Signed-off-by: Lizhi Zhou <1432185+reasonsolo@users.noreply.github.com>
---
 docs/source/features/disagg-serving.md | 18 ++++++++++++++++++
 1 file changed, 18 insertions(+)

diff --git a/docs/source/features/disagg-serving.md b/docs/source/features/disagg-serving.md
index 88feb11b08..6e600793fb 100644
--- a/docs/source/features/disagg-serving.md
+++ b/docs/source/features/disagg-serving.md
@@ -10,6 +10,7 @@
 - [Usage](#Usage)
   - [Dynamo](#Dynamo)
   - [trtllm-serve](#trtllm-serve)
+  - [Multiple Instances](#multiple-instances)
 - [Environment Variables](#Environment-Variables)

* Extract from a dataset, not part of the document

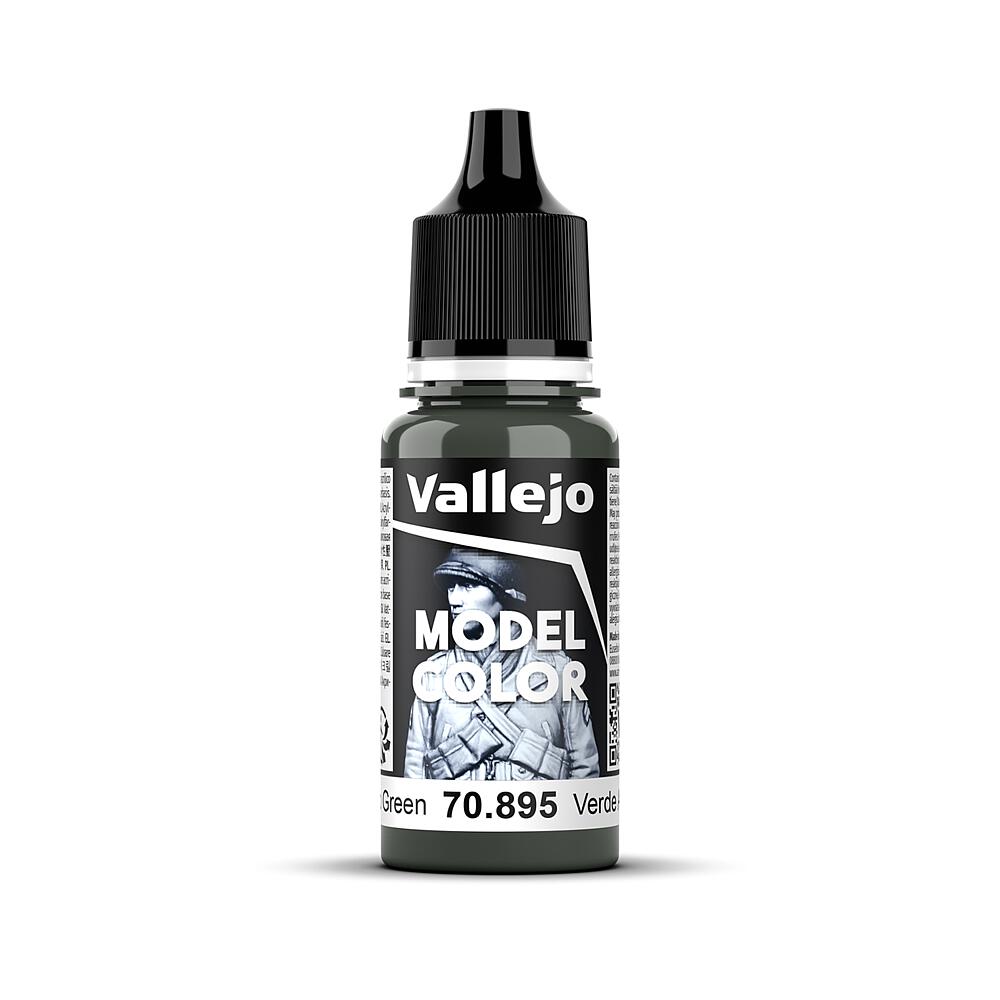 VALLEJO 70895  Vert blindé, mat, 17 ml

 - [Troubleshooting and FAQ](#Troubleshooting-and-FAQ)
 
@@ -215,6 +216,23 @@ curl http://localhost:8000/v1/completions \
 
 Please refer to [Disaggregated Inference Benchmark Scripts](../../../examples/disaggregated/slurm).
 
+### Multiple Instances
+
+To increase maximum concurrency without more GPU nodes, you can deploy multiple disaggregated server instances across different nodes, while each instance manages the same context/generation servers. This is helpful when one disaggregated server becomes a performance bottleneck or runs out of ephemeral ports.
+
+Example (two-node deployment):
+
+- **Node A**
+  - Context servers: `node-a:8001`
+  - Generation servers: `node-b:8002`
+  - Disaggregated orchestrator endpoint: `node-a:8000`
+- **Node B**
+  - Context servers: `node-a:8001`
+  - Generation servers: `node-b:8002`
+  - Disaggregated orchestrator endpoint: `node-b:8000`
+- **Client entrypoint**
+  - Send requests or use a load balancer forwarding to `node-a:8000` and `node-b:8000`
+
 ## Environment Variables
 
 TRT-LLM uses some environment variables to control the behavior of disaggregated service.